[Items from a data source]
▼

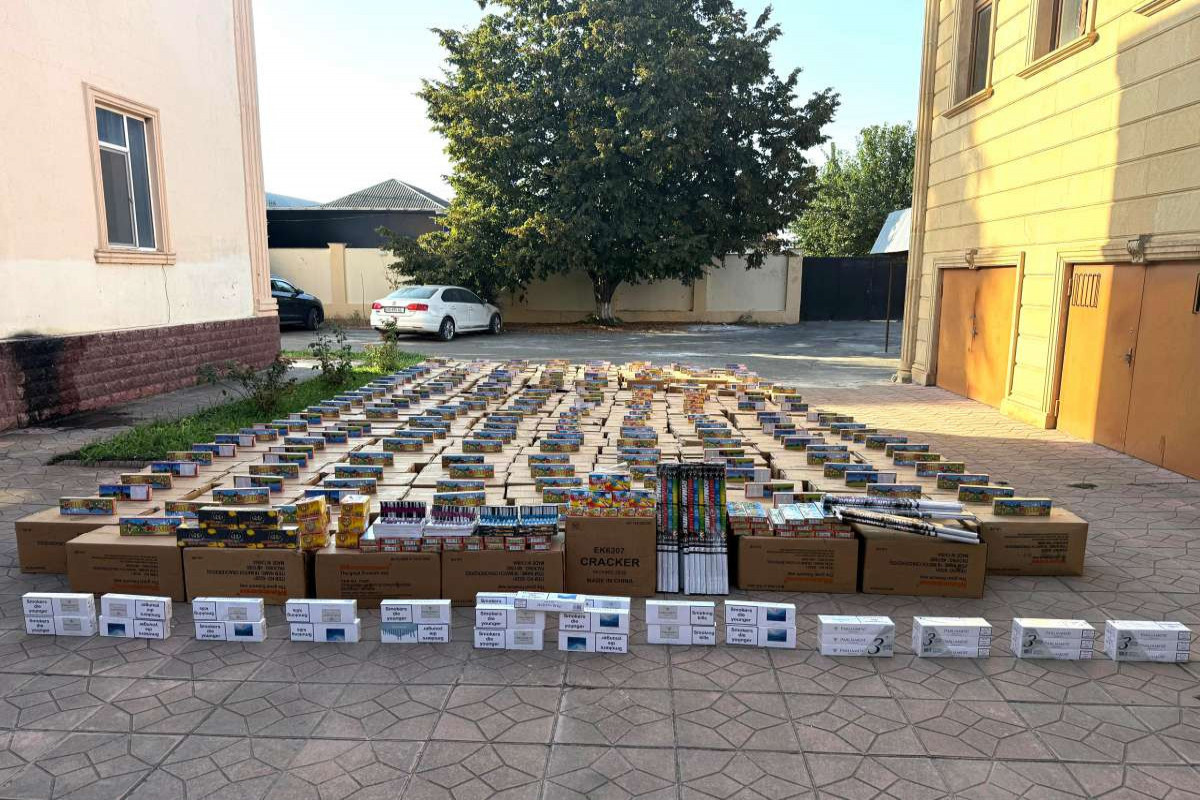 Азербайджанские таможенники выявили крупную партию пиротехнических средств и табачной продукции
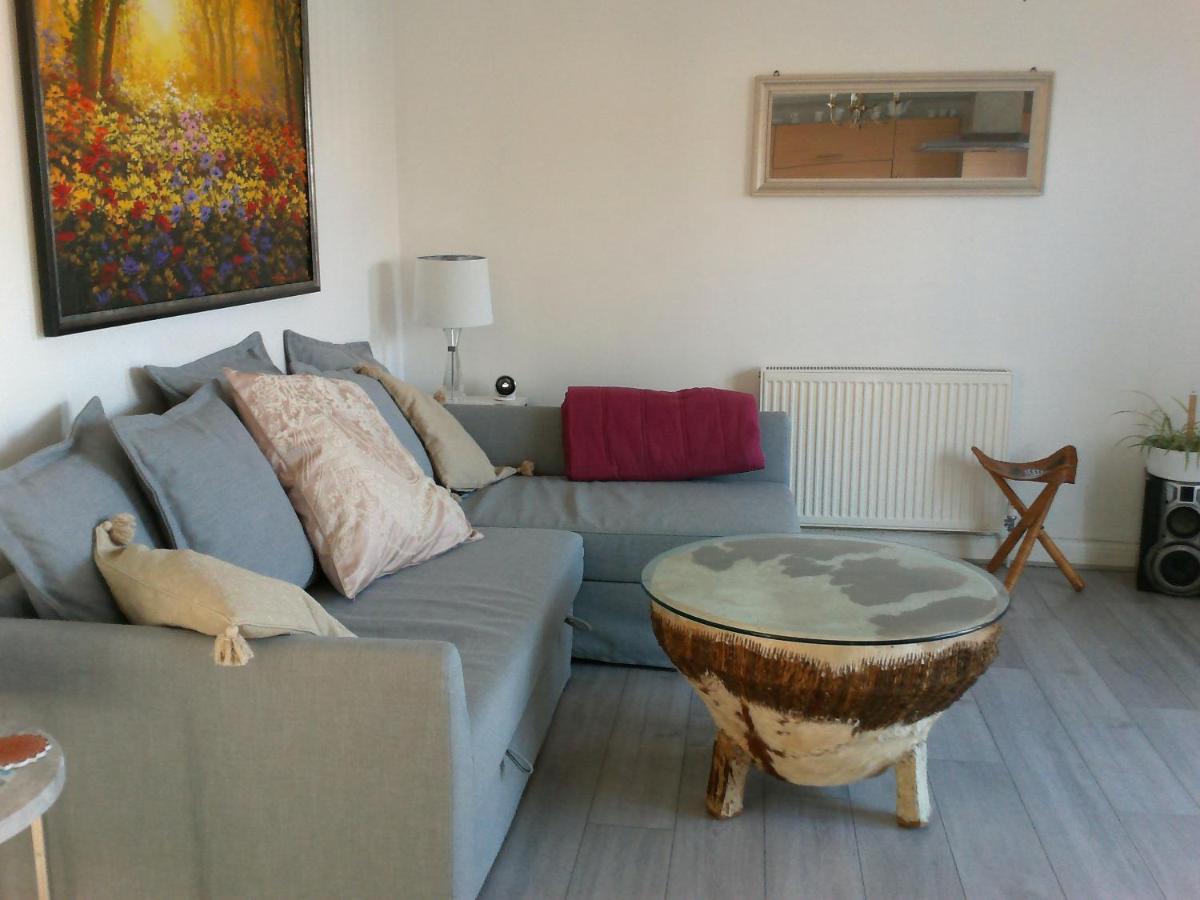 Two bedroom London Luxury Apartment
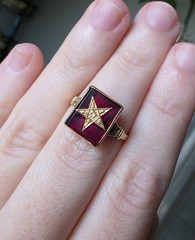 Antique 10k Yellow Gold Eastern Star Ring Size 7 With Red Stone Garnet Art Deco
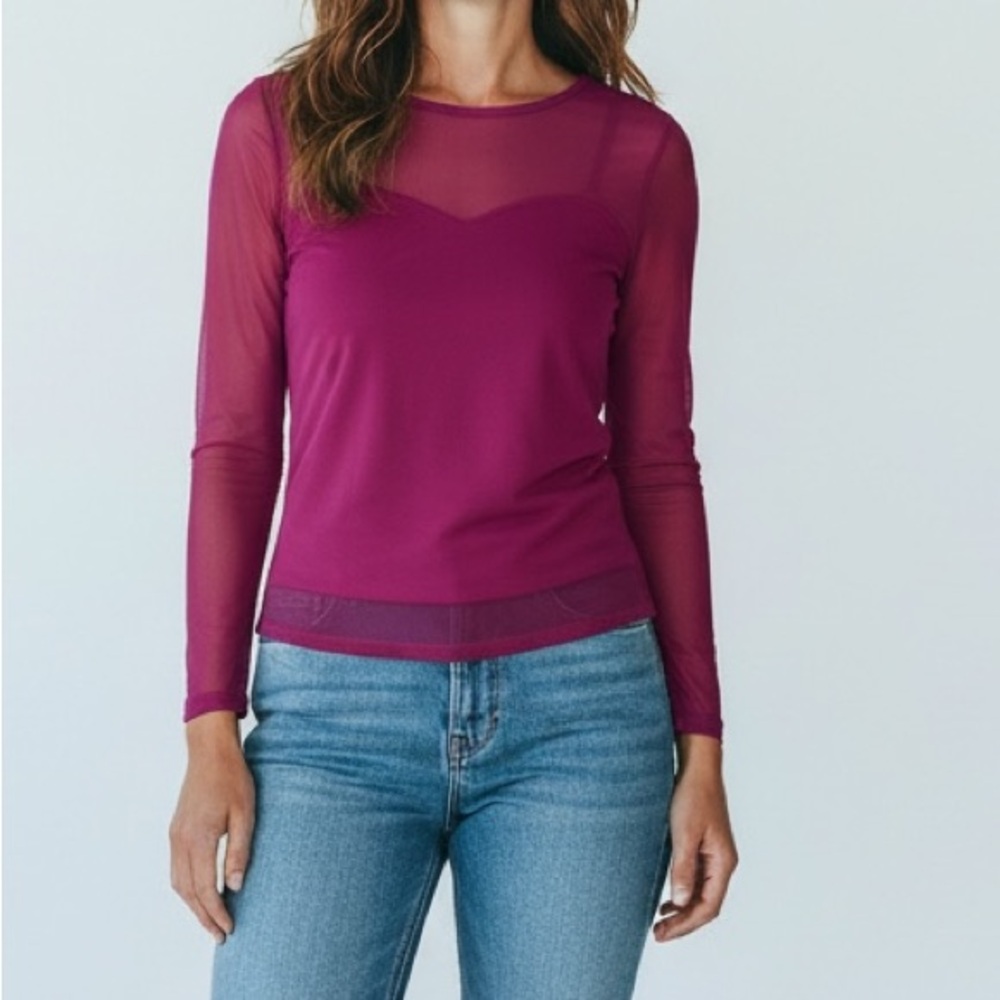 NWT Fuschia Sweetheart Bust Seamless Mesh Long Sleeve Shirt Top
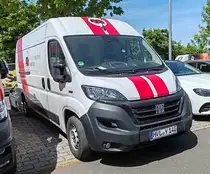 =Fiat Ducato von WERDER-Medizintechnik, abgestellt auf dem Parkplatz der 2025er Rettmobil in Fulda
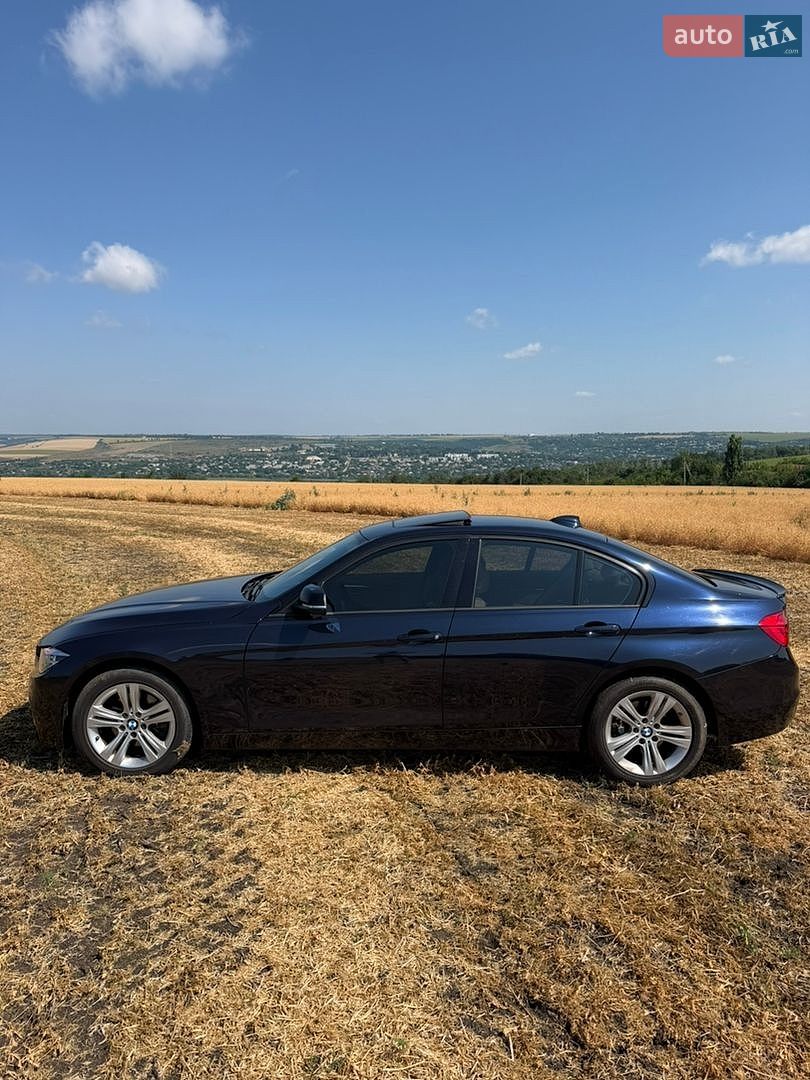 BMW 3 Series 2016 VIN WBA8E3G53GNU01401 фото оголошення 16 з 32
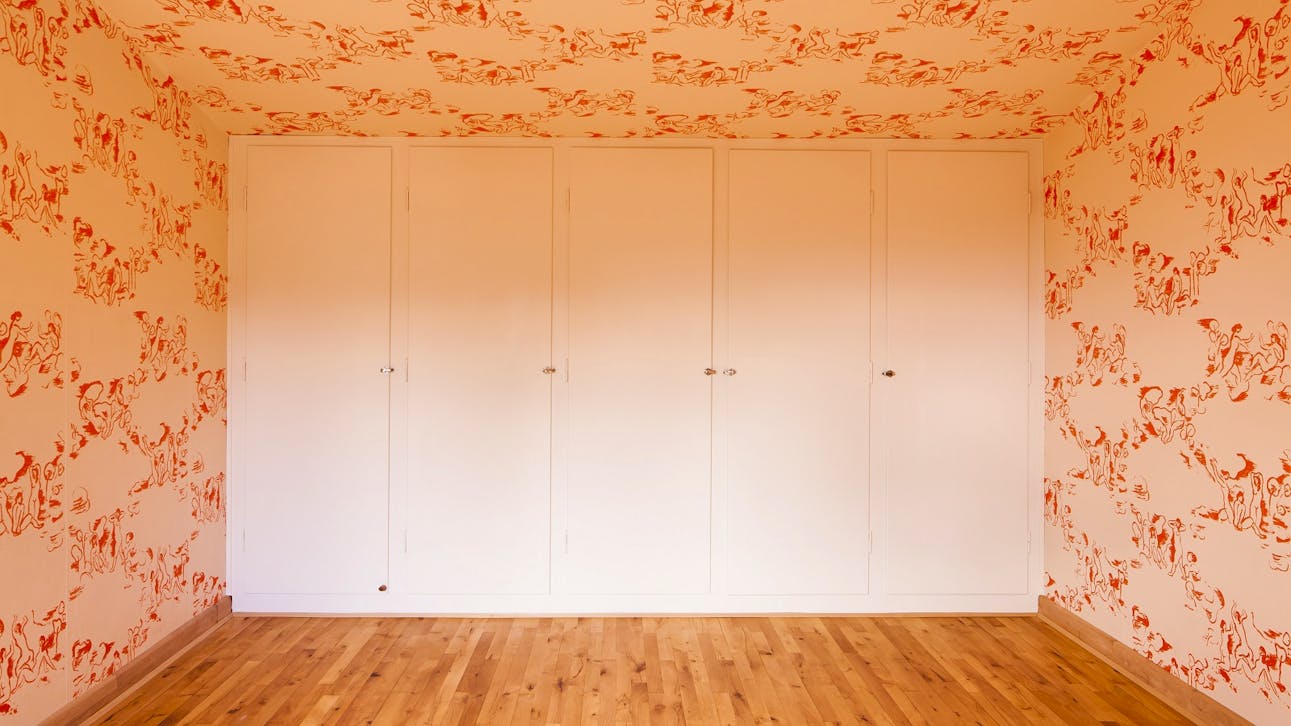 Soveværelset i PH's eget hus er nu igen prydet af tapetark præget med et motiv af Albert Naur med frodige, nøgne kvinder i et grafisk rudermønster.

▲

> [What the exercise asks]: Transcribe only this stretch of the data: the line with "Two bedroom London Luxury Apartment", the line with "Rettmobil in Fulda", and every line in between. Leave out the pictures.

> [Exercise response]:
 Two bedroom London Luxury Apartment
 Antique 10k Yellow Gold Eastern Star Ring Size 7 With Red Stone Garnet Art Deco
 NWT Fuschia Sweetheart Bust Seamless Mesh Long Sleeve Shirt Top
 =Fiat Ducato von WERDER-Medizintechnik, abgestellt auf dem Parkplatz der 2025er Rettmobil in Fulda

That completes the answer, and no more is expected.